Acara ini dibuka oleh Lutfi Rauf, Duta Besar RI untuk Kerajaan Thailand diiringi dengan tari Gending Sriwijaya oleh dua penari dari Sumatera Selatan. Berkumandangnya lagu Kerajaan Thailand yaitu Sansoen Phra Barami? yang dibawakan oleh paduan suara Universitas Chulalongkorn dan lagu kebangsaan Indonesia Raya oleh paduan suara Masyarakat Indonesia di Thailand menandakan dimulainya acara resepsi. Kolaborasi dan kerjasama antara pihak Indonesia-Thailand ini dengan sendirinya patut cukup mengundang apresiasi karena kebersamaan mereka.

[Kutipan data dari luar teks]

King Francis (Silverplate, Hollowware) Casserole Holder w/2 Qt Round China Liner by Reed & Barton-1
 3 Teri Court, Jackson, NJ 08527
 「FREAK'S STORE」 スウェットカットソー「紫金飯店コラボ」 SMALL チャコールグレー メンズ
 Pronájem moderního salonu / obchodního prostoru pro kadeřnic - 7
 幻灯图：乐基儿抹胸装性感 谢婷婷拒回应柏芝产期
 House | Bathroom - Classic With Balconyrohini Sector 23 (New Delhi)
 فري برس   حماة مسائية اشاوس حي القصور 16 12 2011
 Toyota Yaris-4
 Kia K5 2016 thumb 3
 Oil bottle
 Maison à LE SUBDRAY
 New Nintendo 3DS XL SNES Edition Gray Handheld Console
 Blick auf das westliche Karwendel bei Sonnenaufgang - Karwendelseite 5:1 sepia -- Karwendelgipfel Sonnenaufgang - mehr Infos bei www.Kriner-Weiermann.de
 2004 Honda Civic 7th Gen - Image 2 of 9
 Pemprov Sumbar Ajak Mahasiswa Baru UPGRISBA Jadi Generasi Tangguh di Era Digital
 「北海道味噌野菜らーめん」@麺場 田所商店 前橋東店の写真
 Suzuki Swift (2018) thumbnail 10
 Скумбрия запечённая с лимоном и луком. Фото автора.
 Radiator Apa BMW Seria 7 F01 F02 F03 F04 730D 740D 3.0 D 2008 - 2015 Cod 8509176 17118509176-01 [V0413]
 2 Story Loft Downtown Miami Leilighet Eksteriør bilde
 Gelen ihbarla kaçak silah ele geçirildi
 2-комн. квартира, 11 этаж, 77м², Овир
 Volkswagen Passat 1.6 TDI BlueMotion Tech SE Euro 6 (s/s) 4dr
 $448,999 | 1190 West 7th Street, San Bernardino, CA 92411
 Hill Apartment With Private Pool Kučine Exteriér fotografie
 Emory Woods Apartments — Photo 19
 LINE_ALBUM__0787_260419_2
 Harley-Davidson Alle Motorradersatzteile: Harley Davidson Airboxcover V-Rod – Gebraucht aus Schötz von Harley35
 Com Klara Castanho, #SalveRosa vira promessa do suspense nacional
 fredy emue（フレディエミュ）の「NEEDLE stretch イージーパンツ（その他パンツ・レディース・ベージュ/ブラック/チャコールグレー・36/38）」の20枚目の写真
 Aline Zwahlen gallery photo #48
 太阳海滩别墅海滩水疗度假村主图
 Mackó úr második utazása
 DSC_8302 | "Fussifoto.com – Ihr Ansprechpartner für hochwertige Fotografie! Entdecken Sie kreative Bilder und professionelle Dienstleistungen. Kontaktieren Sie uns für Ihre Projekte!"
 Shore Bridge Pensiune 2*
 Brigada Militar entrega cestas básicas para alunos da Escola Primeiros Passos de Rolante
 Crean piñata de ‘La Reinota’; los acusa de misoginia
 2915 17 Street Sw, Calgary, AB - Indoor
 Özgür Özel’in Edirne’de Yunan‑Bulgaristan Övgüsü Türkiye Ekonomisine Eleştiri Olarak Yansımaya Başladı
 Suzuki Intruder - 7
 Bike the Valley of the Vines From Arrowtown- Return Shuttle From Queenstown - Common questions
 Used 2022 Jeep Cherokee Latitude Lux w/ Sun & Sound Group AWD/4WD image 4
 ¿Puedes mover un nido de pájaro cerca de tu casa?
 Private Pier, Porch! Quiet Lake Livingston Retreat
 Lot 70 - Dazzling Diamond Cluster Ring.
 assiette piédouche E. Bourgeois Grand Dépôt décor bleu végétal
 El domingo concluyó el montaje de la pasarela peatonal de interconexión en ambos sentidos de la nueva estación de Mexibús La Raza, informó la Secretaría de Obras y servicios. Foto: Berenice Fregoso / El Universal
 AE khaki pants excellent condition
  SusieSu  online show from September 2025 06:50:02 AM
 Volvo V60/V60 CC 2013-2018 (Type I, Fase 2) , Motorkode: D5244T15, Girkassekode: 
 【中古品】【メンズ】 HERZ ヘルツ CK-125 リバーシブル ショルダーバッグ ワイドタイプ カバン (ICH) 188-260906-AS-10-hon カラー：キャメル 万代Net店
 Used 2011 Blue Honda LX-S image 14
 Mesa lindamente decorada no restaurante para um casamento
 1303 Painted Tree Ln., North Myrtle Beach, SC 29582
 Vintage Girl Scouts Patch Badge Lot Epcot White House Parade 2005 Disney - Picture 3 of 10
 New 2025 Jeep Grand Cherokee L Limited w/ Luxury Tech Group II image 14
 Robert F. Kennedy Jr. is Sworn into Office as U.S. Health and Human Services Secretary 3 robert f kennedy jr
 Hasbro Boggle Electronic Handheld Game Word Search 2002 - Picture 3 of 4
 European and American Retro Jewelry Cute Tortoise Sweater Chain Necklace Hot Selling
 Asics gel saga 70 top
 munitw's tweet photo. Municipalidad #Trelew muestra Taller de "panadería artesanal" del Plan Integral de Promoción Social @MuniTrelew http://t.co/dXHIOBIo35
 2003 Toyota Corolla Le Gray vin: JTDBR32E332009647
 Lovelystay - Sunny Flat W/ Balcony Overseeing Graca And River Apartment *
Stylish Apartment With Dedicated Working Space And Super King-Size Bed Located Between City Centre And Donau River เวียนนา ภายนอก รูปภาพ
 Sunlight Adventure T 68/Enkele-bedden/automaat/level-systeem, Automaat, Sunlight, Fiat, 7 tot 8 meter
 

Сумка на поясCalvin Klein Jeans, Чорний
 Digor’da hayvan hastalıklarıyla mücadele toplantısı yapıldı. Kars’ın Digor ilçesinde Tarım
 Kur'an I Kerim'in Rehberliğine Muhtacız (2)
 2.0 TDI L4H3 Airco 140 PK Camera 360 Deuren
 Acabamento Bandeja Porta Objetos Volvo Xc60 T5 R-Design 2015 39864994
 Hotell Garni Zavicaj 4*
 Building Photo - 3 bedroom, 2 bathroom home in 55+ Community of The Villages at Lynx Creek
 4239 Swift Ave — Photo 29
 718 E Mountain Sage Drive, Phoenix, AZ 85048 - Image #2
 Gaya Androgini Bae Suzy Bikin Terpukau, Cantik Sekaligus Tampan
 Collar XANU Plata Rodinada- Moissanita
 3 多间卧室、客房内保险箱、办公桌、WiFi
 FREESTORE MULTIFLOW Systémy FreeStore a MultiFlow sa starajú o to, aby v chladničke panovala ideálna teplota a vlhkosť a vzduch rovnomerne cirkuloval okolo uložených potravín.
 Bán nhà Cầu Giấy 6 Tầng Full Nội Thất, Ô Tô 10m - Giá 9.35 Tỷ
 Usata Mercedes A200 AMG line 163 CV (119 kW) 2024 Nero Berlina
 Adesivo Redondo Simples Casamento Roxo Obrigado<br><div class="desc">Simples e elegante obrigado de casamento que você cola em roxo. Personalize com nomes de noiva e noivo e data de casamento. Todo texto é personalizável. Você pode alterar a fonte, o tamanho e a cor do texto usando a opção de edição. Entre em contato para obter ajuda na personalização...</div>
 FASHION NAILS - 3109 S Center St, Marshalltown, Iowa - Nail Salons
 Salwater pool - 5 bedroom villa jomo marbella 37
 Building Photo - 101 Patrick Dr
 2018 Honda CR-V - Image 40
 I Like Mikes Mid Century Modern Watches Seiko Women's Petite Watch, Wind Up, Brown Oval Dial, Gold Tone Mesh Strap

Para tamu undangan adalah friends of Indonesia yang terdiri dari kalangan korps diplomatik, pejabat tinggi pemerintah Thailand, pejabat militer, akademisi, pengusaha, tokoh agama hingga diaspora Indonesia di luar negeri. Memasuki ruang Grand Ballroom tempat acara berlangsung, para tamu disuguhi pesona budaya Indonesia berupa pameran lebih dari 40 bilah keris Bugis Makassar. Sebagian keris tersebut merupakan benda pusaka langka karya nenak moyang Indonesia abad 18 yang tak ternilai harganya. Pameran ini mengangkat tema Keris Bugis Makassar Weaponry Exhibition: Tribute to Daeng Mangale. Sosok Daeng Mangale sendiri merupakan tokoh heroik berasal dari Bugis Makassar yang gugur di Ayyuthaya, tanah Siam pada sekitar tahun 1687-an, demi membela keyakinan hati serta kaumnya. Keberanian dan keteguhan tokoh heroik ini tercatat dalam buku-buku sejarah periode Ayyuthaya.
Selain pameran keris di atas, para tamu undangan juga disambut dengan display kain Songket Nusantara terutama songket Palembang. Para model yang mengenakan pakaian songket dari seluruh penjuru nusantara menyambut dengan senyuman ramah setiap tamu yang hadir. Warna-warni pakaian tradisional nusantara ini tak ayal lagi mendorong para tamu untuk mengabadikannya dengan kamera ponsel dan tak sedikit pula para tamu asing meminta selfie atau wefie dengan para model pagar ayu dan pagar bagus.
Setelah memasuki ruang utama Ballroom, sekali lagi para tamu dimanjakan dengan pesona seni budaya Indonesia mulai dari hidangan makanan khas Indonesia berupa jajanan pasar (gado-gado, nasi kuning, peyek, salak, dll) hingga pagelaran kesenian tradisional. Alunan lembut gamelan Jawa mengalir hingga setiap sudut ruangan hingga mampu membawa kesejukan hati. Kemudia berturut-turut ditampilkan Tari Pa’pangan (Toraja), Tari Jaipong (Sunda), Tari Pa’Gellu (Toraja), Paduan musik Angklung (Sunda) serta Tari Saman (Aceh).